Exercise brief »
Exact reproductions of all the entries, please, and no pictures.

Provided records »
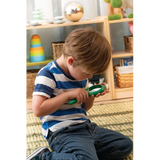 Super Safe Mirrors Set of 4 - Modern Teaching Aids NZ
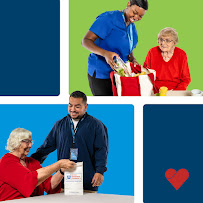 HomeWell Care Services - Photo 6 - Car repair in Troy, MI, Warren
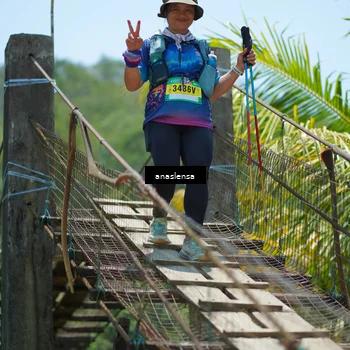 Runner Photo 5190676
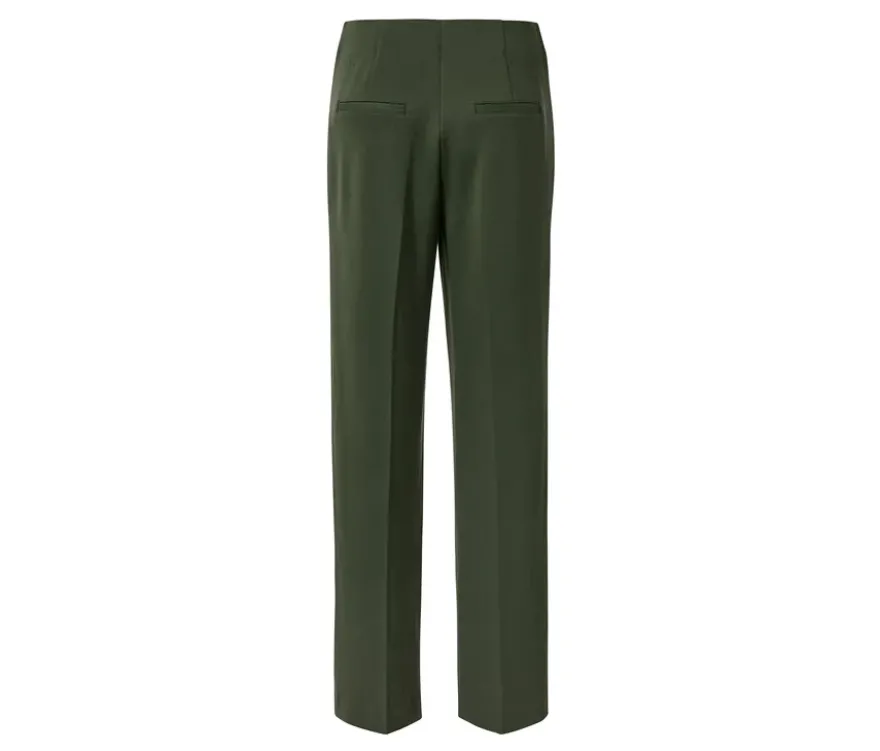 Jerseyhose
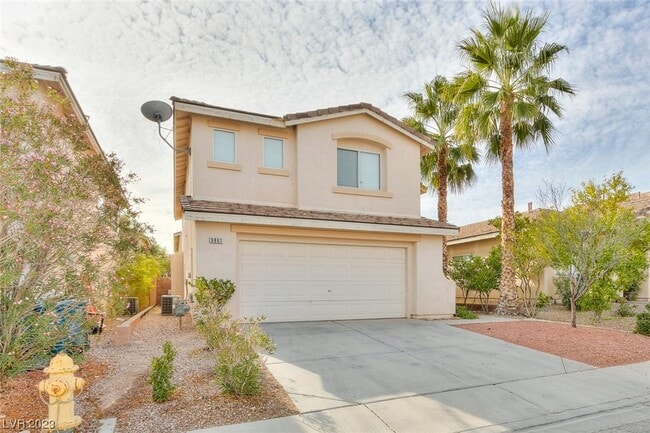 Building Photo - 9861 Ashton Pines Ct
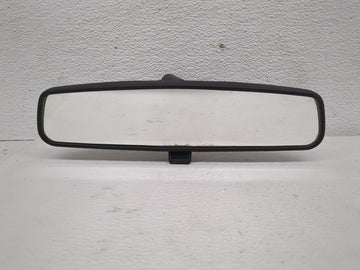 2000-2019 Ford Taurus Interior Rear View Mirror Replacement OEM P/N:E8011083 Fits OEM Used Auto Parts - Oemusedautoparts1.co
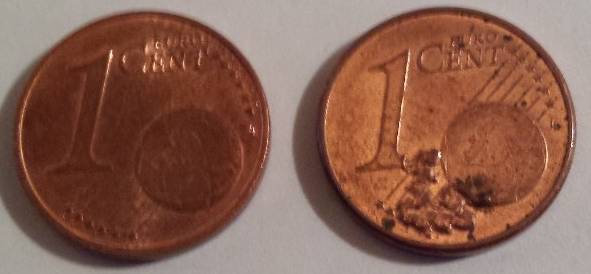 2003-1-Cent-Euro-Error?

Exercise answer »
 Super Safe Mirrors Set of 4 - Modern Teaching Aids NZ
 HomeWell Care Services - Photo 6 - Car repair in Troy, MI, Warren
 Runner Photo 5190676
 Jerseyhose
 Building Photo - 9861 Ashton Pines Ct
 2000-2019 Ford Taurus Interior Rear View Mirror Replacement OEM P/N:E8011083 Fits OEM Used Auto Parts - Oemusedautoparts1.co
 2003-1-Cent-Euro-Error?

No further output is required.